Он тесно сошелся с Томасом Бирдом, старым другом отца, своим первым учителем и наставником веры. Им обоим становилось тесно и душно в стенах церкви Иоанна Крестителя, которая находилась под явным и тайным надзором епископа. С её кафедры разрешалось читать только казенные проповеди, а казенные проповеди не могут исходить из души. Эти проповеди писались верными слугами короля и присылались из Лондона. И Оливеру, и Томасу Бирду, и многим из прихожан хотелось живого, честного, задушевного слова. Живого, честного, задушевного слова ждала, искала вся Англия, не желавшая платить королю, если налоги не утвердили её представители, она ждала, искала живого, честного, задушевного слова о Боге, об избрании и спасении, о праве короля и праве народа. Ничего подобного не было в казенной церкви, которая находилась под наблюдением, ничего подобного не было в казенных проповедях, в которых за каждым словом слышалась ложь.
Живое, честное, задушевное слово разносили по Англии вольные проповедники. Очень скоро им запретили проповедовать в церкви. Они приспособились проповедовать в тавернах, на площадях городков, как две капли воды похожих на тихий, приветливый Гентингтон. Вольных проповедников стали преследовать. Самые популярные, самые непокорные попадали в тюрьму. Вольным проповедникам пришлось именовать себя лекторами, в наивной надежде, что название обманет епископа и лорда-наместника, верных слуг, верных псов короля. Вольных проповедников продолжали преследовать и под именем лекторов. Они стали скрываться. По всей Англии появились тайные пристанища и молельни. Они появлялись под разными именами, в разных обличиях, нигде не задерживаясь, произносили проповедь и уходили неизвестно куда, в другое пристанище, в другую молельню, где жаждали слышать живое, честное, задушевное слово.
Томас Бирд оказался непримиримым бойцом. Как только в Гентингтоне появился Бернард, королевский чиновник, и принялся загонять истинных пуритан в епископальную церковь, которую они с некоторых пор посещали неохотно и редко, он открыто выступил против гонителя истинной веры. Оливер с готовностью присоединился к нему. Знание законов и некоторое знакомство с юридическими науками, полученное в Линкольн-Инне и на Судебном дворе, послужили доброму делу.
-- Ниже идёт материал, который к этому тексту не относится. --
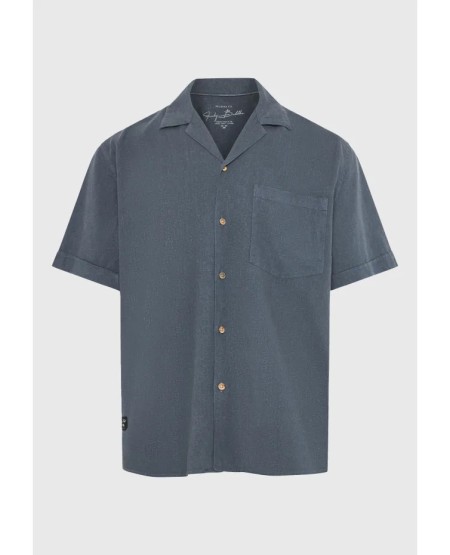 FUNKY BUDDHA Men's short-sleeve shirt - The essentials FBM013-006-05 DK GREY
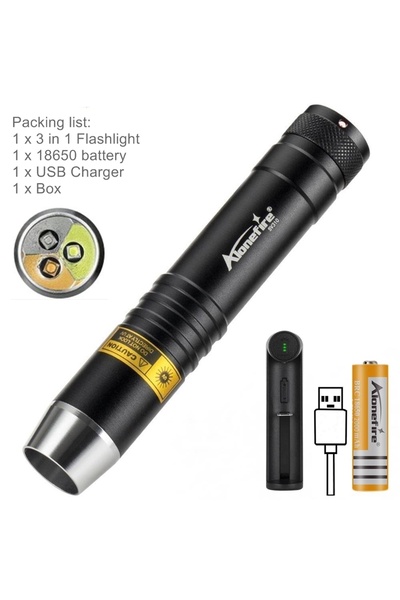 Choice Black 3-in-1 White Yellow 365nm UV LED Flashlight Jewelry Jade Stone C...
Наконец его творческая энергия нашла себе применение. Он превратил свой дом в прибежище окрестного пуританства. Он укрывал у себя пуритан, которых преследовали епископы и король. Он помогал им из своих скудных средств и переправлял в надежное место. Ему всё было мало. В своем саду, выходившем на общественный выгон, он приспособил большой сарай под молельню. Ранним воскресным утром, сквозь плотный туман или под мелким дождем, сюда шли за пять, за шесть, за семь миль свободные фермеры, арендаторы, пастухи, прядильщики, ткачи, сапожники, бакалейщики, кузнецы, шли мужчины, женщины, дети, рассаживались на длинных деревянных скамьях, которые он поставил для них, в ненарушимом суровом молчании слушали нового проповедника, которого он приютил у себя на день или два, спорили, пели псалмы и в сумерках расходились по своим ближним и дальним домам, чтобы в течение недели поразмыслить над тем, что узнали, и ранним воскресным утром снова вернуться сюда, снова слушать и узнавать.